TASK BRIEF =>
The listing below holds a line with "Un plat de moussaka" and a later line with "973 Hall Cemetery". Write out those two lines and every line between them, exactly, and nothing else.

EXCERPTED DATA =>
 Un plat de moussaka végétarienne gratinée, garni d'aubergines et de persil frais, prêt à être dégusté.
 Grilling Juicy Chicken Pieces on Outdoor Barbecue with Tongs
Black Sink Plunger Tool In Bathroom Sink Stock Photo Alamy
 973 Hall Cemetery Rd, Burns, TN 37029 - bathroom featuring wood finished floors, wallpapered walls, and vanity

...

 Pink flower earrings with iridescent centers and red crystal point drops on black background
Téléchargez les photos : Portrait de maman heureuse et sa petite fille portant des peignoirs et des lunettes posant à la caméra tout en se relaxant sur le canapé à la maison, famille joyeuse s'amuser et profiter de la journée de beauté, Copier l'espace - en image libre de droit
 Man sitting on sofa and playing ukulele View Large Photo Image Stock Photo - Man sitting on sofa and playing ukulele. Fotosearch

WRITTEN RESPONSE =>
 Un plat de moussaka végétarienne gratinée, garni d'aubergines et de persil frais, prêt à être dégusté.
 Grilling Juicy Chicken Pieces on Outdoor Barbecue with Tongs
Black Sink Plunger Tool In Bathroom Sink Stock Photo Alamy
 973 Hall Cemetery Rd, Burns, TN 37029 - bathroom featuring wood finished floors, wallpapered walls, and vanity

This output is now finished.